He said his decision came after discussions with the head of state and his elder brother, King Charles III.

“I have decided, as I always have, to put my duty to my family and country first,” said Andrew in a statement put out by Buckingham Palace.

He again denied all allegations of wrongdoing, but said, “We have concluded the continued accusations about me distract from the work of His Majesty and the Royal Family.”

Andrew, who stepped back from public life in 2019 amid the Epstein scandal, will remain a prince, as he is the second son of the late Queen Elizabeth II. But he will no longer hold the title of Duke of York that she had conferred on him.

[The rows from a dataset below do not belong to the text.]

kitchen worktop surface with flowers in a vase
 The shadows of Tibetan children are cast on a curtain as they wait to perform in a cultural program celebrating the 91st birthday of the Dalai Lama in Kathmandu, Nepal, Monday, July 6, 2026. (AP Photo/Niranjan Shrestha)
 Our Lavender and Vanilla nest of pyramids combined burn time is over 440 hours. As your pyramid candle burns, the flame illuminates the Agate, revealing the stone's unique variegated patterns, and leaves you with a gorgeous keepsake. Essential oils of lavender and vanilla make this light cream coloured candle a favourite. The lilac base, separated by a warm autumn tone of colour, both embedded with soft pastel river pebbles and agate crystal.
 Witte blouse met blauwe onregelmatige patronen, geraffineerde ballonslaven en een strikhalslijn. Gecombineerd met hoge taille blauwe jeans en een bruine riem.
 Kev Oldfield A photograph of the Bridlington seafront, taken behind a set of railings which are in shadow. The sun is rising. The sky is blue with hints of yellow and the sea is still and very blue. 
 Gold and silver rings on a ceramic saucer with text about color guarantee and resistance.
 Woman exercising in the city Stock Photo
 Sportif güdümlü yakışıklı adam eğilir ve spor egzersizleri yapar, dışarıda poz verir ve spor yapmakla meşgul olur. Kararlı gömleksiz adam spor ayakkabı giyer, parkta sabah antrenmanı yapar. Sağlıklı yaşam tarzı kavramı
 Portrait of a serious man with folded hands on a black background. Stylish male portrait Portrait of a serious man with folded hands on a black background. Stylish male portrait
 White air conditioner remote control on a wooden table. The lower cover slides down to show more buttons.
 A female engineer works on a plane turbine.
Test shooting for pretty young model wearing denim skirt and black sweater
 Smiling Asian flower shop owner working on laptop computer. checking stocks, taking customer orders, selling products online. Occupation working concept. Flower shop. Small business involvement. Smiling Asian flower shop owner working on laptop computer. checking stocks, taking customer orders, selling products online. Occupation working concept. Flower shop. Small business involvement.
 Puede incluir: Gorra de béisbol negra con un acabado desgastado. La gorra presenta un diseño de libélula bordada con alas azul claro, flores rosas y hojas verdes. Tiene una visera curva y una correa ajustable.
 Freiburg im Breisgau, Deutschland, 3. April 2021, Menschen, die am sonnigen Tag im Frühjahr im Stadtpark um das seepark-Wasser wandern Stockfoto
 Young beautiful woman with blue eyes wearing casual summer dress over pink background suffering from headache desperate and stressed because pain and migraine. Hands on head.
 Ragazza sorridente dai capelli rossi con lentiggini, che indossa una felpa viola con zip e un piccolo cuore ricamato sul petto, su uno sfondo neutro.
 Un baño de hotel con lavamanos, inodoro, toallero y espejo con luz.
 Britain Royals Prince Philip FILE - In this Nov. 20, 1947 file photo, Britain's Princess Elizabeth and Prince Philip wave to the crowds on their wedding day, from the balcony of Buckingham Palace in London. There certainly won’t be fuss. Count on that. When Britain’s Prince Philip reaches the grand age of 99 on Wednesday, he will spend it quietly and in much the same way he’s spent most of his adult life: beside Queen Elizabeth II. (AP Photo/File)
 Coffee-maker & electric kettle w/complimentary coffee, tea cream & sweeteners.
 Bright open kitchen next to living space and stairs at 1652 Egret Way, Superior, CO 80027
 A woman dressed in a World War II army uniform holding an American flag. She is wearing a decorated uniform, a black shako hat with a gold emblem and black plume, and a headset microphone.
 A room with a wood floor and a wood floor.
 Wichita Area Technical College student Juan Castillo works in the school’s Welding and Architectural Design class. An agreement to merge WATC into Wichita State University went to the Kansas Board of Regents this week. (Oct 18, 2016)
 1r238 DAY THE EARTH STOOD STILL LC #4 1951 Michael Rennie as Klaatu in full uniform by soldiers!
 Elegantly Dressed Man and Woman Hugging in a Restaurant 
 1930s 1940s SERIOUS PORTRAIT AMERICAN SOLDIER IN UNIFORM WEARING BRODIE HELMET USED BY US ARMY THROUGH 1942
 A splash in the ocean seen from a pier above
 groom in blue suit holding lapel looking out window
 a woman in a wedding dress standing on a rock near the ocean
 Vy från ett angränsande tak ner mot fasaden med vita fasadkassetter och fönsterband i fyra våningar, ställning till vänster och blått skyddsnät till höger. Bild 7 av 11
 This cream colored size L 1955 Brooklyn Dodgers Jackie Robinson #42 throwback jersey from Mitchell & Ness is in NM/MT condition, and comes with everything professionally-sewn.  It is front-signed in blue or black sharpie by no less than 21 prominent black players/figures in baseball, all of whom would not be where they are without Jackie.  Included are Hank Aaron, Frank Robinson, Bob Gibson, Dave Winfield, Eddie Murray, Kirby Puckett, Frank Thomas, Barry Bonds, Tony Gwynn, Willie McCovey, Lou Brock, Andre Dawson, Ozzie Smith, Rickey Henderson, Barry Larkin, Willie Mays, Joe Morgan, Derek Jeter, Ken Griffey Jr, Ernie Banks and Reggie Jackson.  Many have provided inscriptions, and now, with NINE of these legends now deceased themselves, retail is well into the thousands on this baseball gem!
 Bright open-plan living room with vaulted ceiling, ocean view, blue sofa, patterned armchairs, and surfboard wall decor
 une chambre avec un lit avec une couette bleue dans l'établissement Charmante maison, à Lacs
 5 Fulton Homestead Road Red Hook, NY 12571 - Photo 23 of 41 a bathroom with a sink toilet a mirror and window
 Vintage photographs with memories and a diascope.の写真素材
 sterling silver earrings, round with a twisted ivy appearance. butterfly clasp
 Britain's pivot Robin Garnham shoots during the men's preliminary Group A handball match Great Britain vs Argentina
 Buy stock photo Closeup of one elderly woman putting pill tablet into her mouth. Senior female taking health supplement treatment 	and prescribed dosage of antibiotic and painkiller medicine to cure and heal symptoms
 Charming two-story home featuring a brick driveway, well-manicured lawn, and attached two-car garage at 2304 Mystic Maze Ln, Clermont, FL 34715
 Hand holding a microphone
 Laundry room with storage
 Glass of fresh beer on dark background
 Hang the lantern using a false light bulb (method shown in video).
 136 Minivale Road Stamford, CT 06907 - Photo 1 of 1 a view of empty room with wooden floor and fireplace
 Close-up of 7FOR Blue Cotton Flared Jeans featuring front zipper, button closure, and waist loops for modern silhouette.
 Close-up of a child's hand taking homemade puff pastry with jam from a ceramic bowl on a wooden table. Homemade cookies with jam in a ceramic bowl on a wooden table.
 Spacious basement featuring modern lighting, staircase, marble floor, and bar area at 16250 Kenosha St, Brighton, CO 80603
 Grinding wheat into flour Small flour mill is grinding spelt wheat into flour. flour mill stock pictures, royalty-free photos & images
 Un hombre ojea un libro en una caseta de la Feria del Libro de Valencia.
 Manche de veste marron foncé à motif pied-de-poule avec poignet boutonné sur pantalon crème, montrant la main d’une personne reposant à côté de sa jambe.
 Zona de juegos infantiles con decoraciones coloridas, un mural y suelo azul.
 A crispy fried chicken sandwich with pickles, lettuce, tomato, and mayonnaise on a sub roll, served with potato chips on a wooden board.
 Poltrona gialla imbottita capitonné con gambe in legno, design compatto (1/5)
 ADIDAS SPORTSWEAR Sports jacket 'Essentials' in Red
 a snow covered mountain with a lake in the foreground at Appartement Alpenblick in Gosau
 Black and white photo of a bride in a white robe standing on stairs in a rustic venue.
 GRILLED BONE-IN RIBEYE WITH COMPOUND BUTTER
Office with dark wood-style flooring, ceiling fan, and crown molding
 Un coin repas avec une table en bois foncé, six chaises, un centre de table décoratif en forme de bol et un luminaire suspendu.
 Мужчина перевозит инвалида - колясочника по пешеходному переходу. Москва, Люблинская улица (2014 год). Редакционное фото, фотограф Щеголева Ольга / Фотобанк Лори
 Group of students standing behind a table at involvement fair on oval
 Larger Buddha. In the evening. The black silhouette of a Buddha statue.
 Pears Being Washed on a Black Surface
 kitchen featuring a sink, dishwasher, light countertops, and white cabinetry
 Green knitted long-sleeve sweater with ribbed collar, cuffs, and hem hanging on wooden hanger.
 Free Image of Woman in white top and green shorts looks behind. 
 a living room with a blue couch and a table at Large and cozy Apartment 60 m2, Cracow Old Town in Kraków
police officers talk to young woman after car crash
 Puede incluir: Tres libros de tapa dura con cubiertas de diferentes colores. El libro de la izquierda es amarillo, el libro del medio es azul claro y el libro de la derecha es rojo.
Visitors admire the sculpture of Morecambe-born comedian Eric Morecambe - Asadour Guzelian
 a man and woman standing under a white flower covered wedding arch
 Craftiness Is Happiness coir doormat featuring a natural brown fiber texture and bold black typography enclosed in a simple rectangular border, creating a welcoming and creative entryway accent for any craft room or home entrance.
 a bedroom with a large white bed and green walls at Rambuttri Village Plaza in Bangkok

UK media reported that he would also give up his membership in the prestigious Order of the Garter, the most senior knighthood in the British honors system, which dates to 1348.

Andrew’s ex-wife, Sarah Ferguson, will also no longer use the title of Duchess of York, though his daughters, Beatrice and Eugenie, remain princesses.

Andrew had become a source of deep embarrassment for his brother, Charles, following a devastating 2019 television interview in which he defended his friendship with Epstein.

Epstein took his own life in a New York jail in 2019 while awaiting trial on charges of trafficking underage girls for sex.

Claim to birthright

In the interview, Andrew said he had cut ties in 2010 with Epstein, who was disgraced after an American woman, Virginia Giuffre, accused him of using her as a sex slave.